Honest criticism can be a treacherous road when it comes to community theater.
Of course, if the play is good, you traverse it unscathed. The director of the performance loves you, thanks you personally for your support, reminds you how much he or she adores your publication, and mentions to your editor what a promising young writer you are. Keep up the good work, they all say—“good work” meaning, naturally, unwavering public praise of their productions. But writing nice things is easy.
- PHOTOS BY STEVE E. MILLER
- FACEOFF : Pictured is this writer as a fawning youngster (left) opposite her jaded, critical alter-go Eva (right).
(Well, it still takes work in the way that all creative, thoughtful things do. It doesn’t require nerves of steel is what I’m driving at.)
If the play is awful, well, there’s a dilemma for you. Either suck it up and try to find something nice to say about the production—lie, basically—or suck it up and say the truth. Neither choice is very pleasant, but for different reasons. The former brings about an internal unpleasantness: You feel disappointed in yourself. You wallow in the brine of your own cowardice. The latter is more external: You invite upon yourself the scorn of every individual in the production, many of whom are friends of friends, and most of whom are unpaid volunteers. Amazingly, nobody thanks you or compliments your insightful prose.
“Do I want to be microwaved or burned alive?” That’s what you, the critic, must ask yourself.
Most local papers choose the former, their reviews flatly stating, “This is a play about this. This happened, followed by this. It’s a good play. It’s directed by this director. Everyone did a good job. Good job, everyone. The end.”
Summary dominates, making room toward the middle for a few safe, objective facts and a cautious, even sprinkling of praise, often ending crudely on some irrelevant, technical note. Analysis is rare in these parts, opinion a dance with the devil.
It’s been hard for me, too, to express a critical view. Not that I ever looked entirely the other way. But I have squinted a lot in my time, coming up with soft, polite little blows. Hardly noticeable. When once describing an actress as “sometimes guilty of overacting,” I quickly buried it with “but when called for, her performance is extremely moving, her emotional reach impressive.”
In another, otherwise positive review, I once worked up the courage to say, “There’s a lot of campy, satirical fun to be had with this show, something I wished I could have seen a little bit more of.”
At this point I applied a soothing balm: “Don’t get me wrong; this is a great show ... ” before gathering the courage to say, “But sometimes, dialogue that could have been comedic gold was encumbered by too-conservative acting and timing that felt somehow unnatural. It was a slow start.”

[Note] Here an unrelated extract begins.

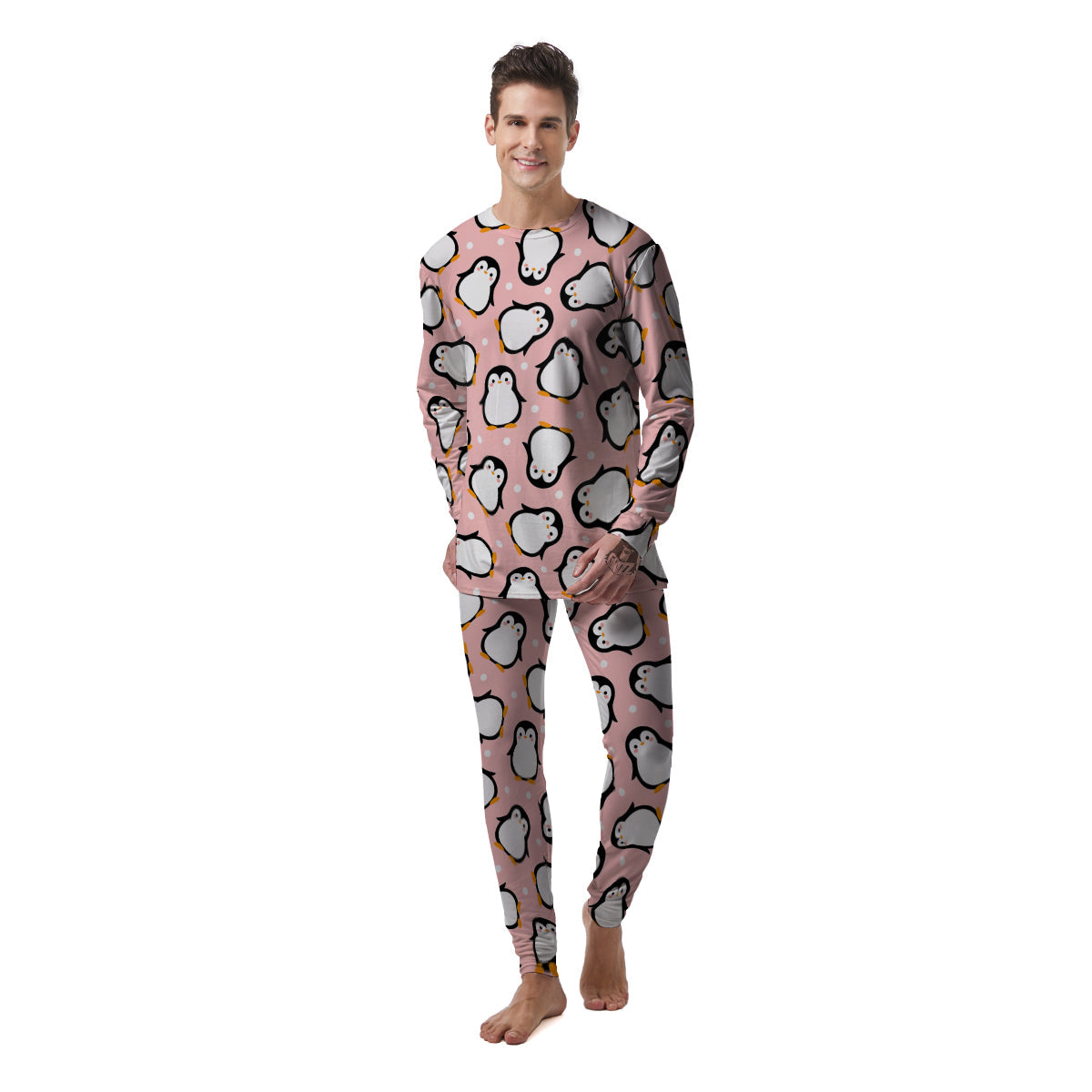 Penguin Xmas Print Pattern Men's Pajamas-grizzshop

I proceeded to try to reconcile myself with several simpering, don’t-hurt-me paragraphs. Why on Earth am I so afraid of theater people?
New Times once had a theater critic by the name of Bill Beeson. This man, may he rest in peace, was by many accounts the last bastion of real criticism on the Central Coast. As I leafed backward through the archives, the first trace I found of his existence was an angry Letter to the Editor from one Stewart Moss, beginning thus: “I directed ‘Funny Girl’ at the SLO Little Theatre that your critic Bill Beeson trashed. I was appalled by the vitriolic tone of Mr. Beeson’s comments. It is obvious he came in not liking the play or the score.”
Trashed!? Vitriolic? This I had to see. Breathless, I searched for Beeson’s review of Funny Girl. What I turned up, though, wasn’t the belligerent tirade I’d expected, but a thoughtful, well-supported critique. It seemed to me that he honestly wanted the show to succeed.
“For one shining moment … I kept saying to myself: ‘It’s happening! The show’s gonna soar now!,’ desperately wanting it to happen. But it never did,”
It seemed to me Beeson respected the production enough to give it the same treatment as any in Los Angeles or his hometown of New York, inspecting each angle of the show and delivering his findings in an intelligent, engaging style. In the end, though, because his verdict was largely unfavorable, it was Beeson, not Funny Girl, who got trashed in vitriolic tones.
I heard he was banned from the Little Theatre at one point. Whether or not that’s true, I haven’t the faintest. I do believe his honesty improved the quality of local theater. And I know for a fact that that statue on the Little Theatre’s front lawn is a memorial to him.
That’s when I realized our reviews needed to be rawer, to shed a layer of politeness. Problem is, I’m the only one who writes them, and I’m too scared. So I’ve created an alternate personality to write some of my theater reviews. Her name is Eva Schwarzweiss. She is an aging, opinionated dame with a Teutonic brusqueness and a swooning love of good theater. Where Anna’s writing is floppy, flowery, and docile, Eva’s will be sharp and succinct and true. Not that I created her to be mean-spirited—never! It’s just that our theater community is so little, and I know a lot of the people in it, and my problems writing analytically often arise from feeling too close to the subject. Eva is a way to create distance, to be honest, to start afresh.
A viable critique of critics says they cannot act worth anything and thus resort to bitterly picking apart those who can. Maybe so, but at least I, too, can find truth in a role.